I've worked on generalizing the permutation support in the light
of the availability of the generic shuffle support in the IL
but hit some road-blocks in the way code-generation works for
group loads with permutations (I don't remember if I posted all patches).
This patch seems to be to a slightly different place but it again
special-cases a specific permutation. Why's that? Why can't we
support groups of size 7 for example? So - can this be generalized
to support arbitrary non-power-of-two load/store groups?
Other than that the patch has to wait for stage1 to open again,
of course.
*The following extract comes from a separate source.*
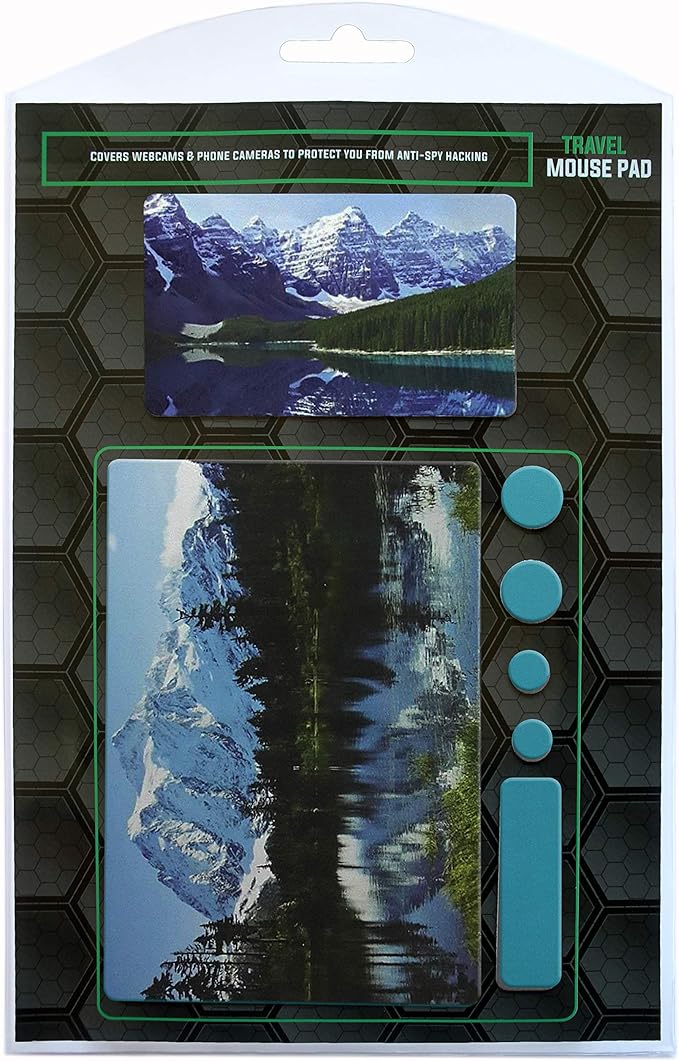 Mouse Pad Adhesive Bottom - Sticks to Any Surface - Portable - Webcam Covers and Screen Cleaner Included (Mountain)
And it misses a testcase.
Btw, do you have a copyright assignment on file with the FSF covering
work on GCC?
Thanks,
Richard.
> ChangeLog:
>
> 2014-02-11 Evgeny Stupachenko <evstupac@gmail.com>
>
> * target.h (vect_cost_for_stmt): Defining new cost vec_perm_shuffle.
> * tree-vect-data-refs.c (vect_grouped_store_supported): New
> check for stores group of length 3.
> (vect_permute_store_chain): New permutations for stores group of
> length 3.
> (vect_grouped_load_supported): New check for loads group of length
> 3.
> (vect_permute_load_chain): New permutations for loads group of
> length 3.
> * tree-vect-stmts.c (vect_model_store_cost): New cost
> vec_perm_shuffle
> for the new permutations.
> (vect_model_load_cost): Ditto.
> * config/aarch64/aarch64.c (builtin_vectorization_cost): Adding
> vec_perm_shuffle cost as equvivalent of vec_perm cost.
> * config/arm/arm.c: Ditto.
> * config/rs6000/rs6000.c: Ditto.
> * config/spu/spu.c: Ditto.
> * config/i386/x86-tune.def (TARGET_SLOW_PHUFFB): Target for slow
> byte
> shuffle on some x86 architectures.
> * config/i386/i386.h (processor_costs): Defining pshuffb cost.
> * config/i386/i386.c (processor_costs): Adding pshuffb cost.
> (ix86_builtin_vectorization_cost): Adding cost for the new
> permutations.
> Fixing cost for other permutations.
> (expand_vec_perm_even_odd_1): Avoid byte shuffles when they are
> slow (TARGET_SLOW_PHUFFB).
> (ix86_add_stmt_cost): Adding cost when STMT is WIDEN_MULTIPLY.
> Adding new shuffle cost only when byte shuffle is expected.
> Fixing cost model for Silvermont.
>
> Thanks,
> Evgeny
>
--
Richard Biener <rguenther@suse.de>
SUSE / SUSE Labs
SUSE LINUX Products GmbH - Nuernberg - AG Nuernberg - HRB 16746
GF: Jeff Hawn, Jennifer Guild, Felix Imend"orffer